Despite the news, AAHomecare plans to continue pushing for further delays.
"This will help, but a week is not enough to address all of the questions and concerns," said Michael Reinemer, AAHomecare's vice president of communications and policy.
(Last week, HME News asked CMS for the number of providers in each of the first 10 competitive bidding areas that had registered so far. A CMS official declined the request, responding in an e-mail: "This is procurement sensitive information. That means it is not subject to disclosure.")
AAHomecare sent a letter Friday to Herb Kuhn, CMS's acting deputy administrator, seeking a delay to competitive bidding due to "severe technical problems with bid submissions, late dissemination of critical information about the bidding process and numerous questions about the process that have not been adequately answered."
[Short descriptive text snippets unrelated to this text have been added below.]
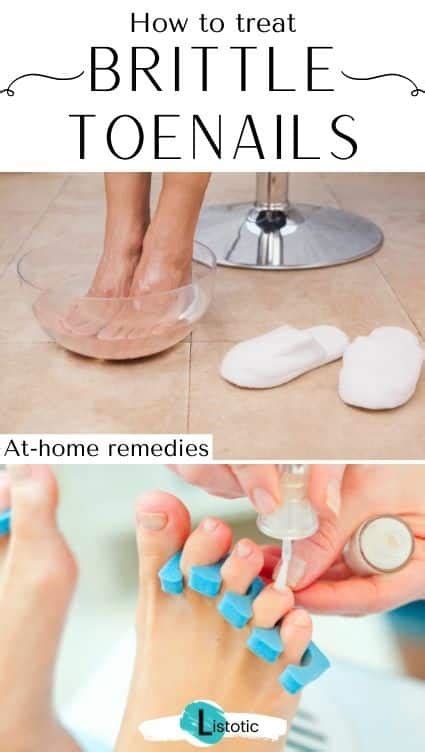 how to get clear healthy toenails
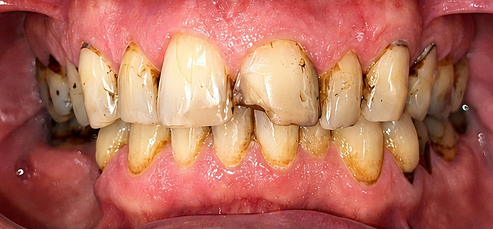 Khách hàng trước thực hiện chính diện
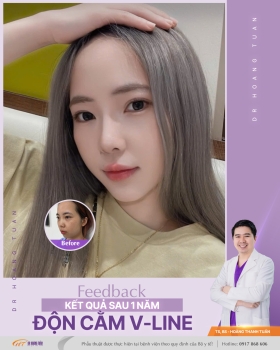 ĐỘN CẰM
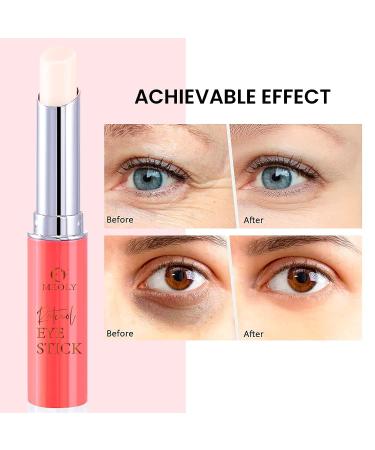 Retinol Eye Cream Stick - Anti-Aging Treatment for Dark Circles, Puffiness, and Wrinkles - Brightening Under Eye Balm - Buy Online on GoSupps.com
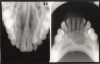 Figure 3 - Occlusal Images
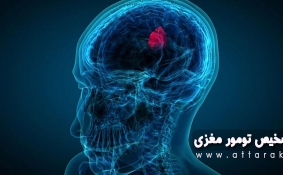 عاقبت بیماران مبتلا به تومور مغزی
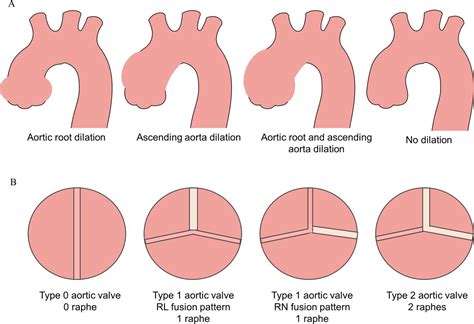 Determinants of aortic growth rate in patients with bicuspid aortic ...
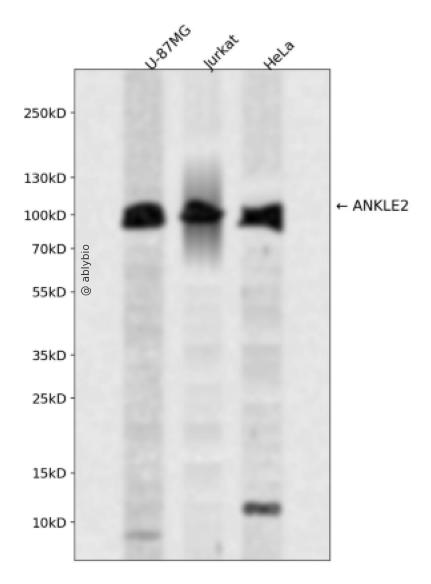 ANKLE2 Rabbit pAb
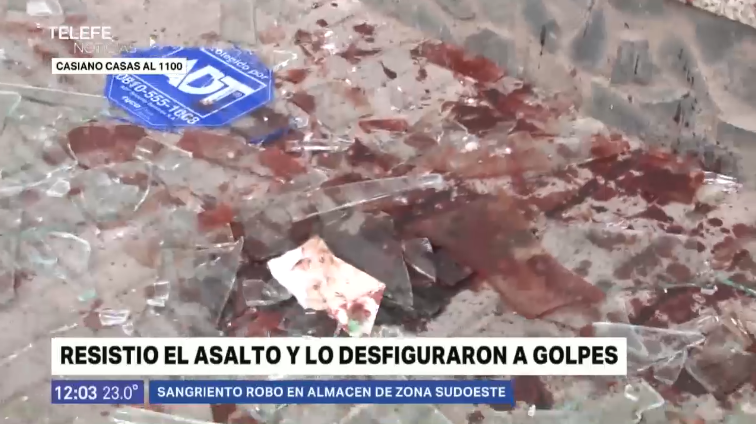Un comerciante se resistió a un asalto y lo desfiguraron a golpes | Información General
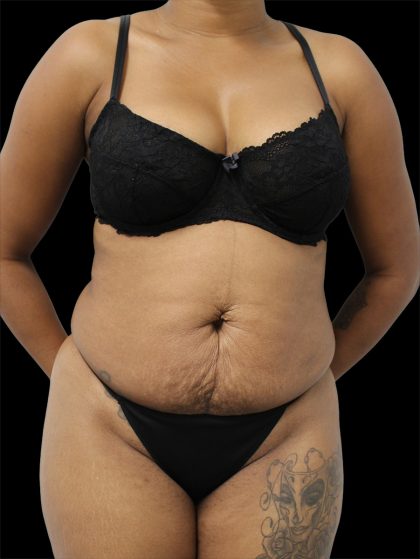 Tummy Tuck Before & After Patient #2846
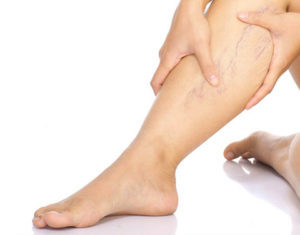 Pain with varicose veins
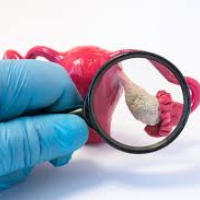 ginekoloji xəstəliklər, qadın xəstəlikləri, ginekoloji analizlər, ginekoloji suallar, ginekoloq ginekoloji xəstəliklər, qadın xəstəlikləri, ginekoloji analizlər, ginekoloji suallar, ginekoloq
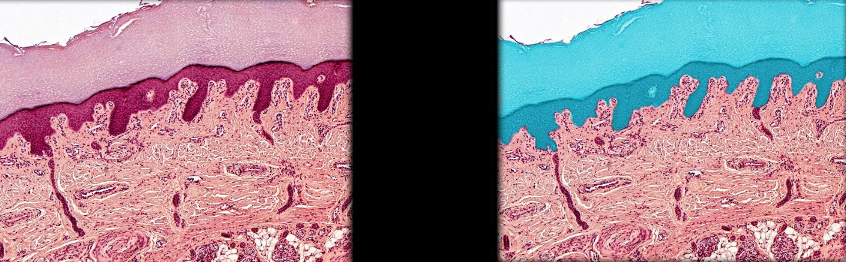 <p>what epithelium is this and where is it located</p>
Additionally, two senators and representatives crafted sign-on letters last week that urge CMS to delay competitive bidding. Sens. Pat Roberts, R-Kan., and Kent Conrad, D-N.D., and Reps. Tom Allen, D-Maine, and Sam Johnson, R-Texas, are circulating the sign-on letters. The deadline for sign-ons: July 10.
In the letters, the lawmakers urge CMS to address the following issues before it closes the bidding window and implements the program:
* Outline how it plans to assess the program, especially its impact on clinical outcomes for patients.
* Delay the process until after all bidder conferences have been completed and as many providers as possible have begun and concluded the accreditation process. The letter states: "The 60-day bidding process does not provide sufficient time for suppliers to learn about the important details and obtain answers to key questions relevant to the preparation of their bids. Moreover, small suppliers that wish to participate in bidding networks must develop new business organizations, implement untried computer systems and address a large number of unresolved policy issues, including potential violations of antitrust laws."
* Refine the proposed product categories. "Product codes used by CMS are too broad and inconsistent to adequately describe products with diverse ranges of quality, functionality, technology and clinical utility," the letter states.
* Clarify the rights of winning providers to ensure that they're not forced to provide an item at a loss. Under the median price methodology, half of the "winning" bidders will be paid for DME at a rate below what they bid. The final rule on competitive bidding doesn't say whether those providers can withdraw from the program.
* Make distinctions between long-term care facilities, home health agencies and DME companies, which require different skills. The letter states: "DME companies are not equipped to service the needs of LTC facilities, which may serve 10 to 20 enteral patients. In addition, suppliers not currently serving the homecare market will have to make significant changes in the way they operate and service their customers, including carrying products with which they are unfamiliar. Patient care may be at risk as suppliers learn and adapt to new markets."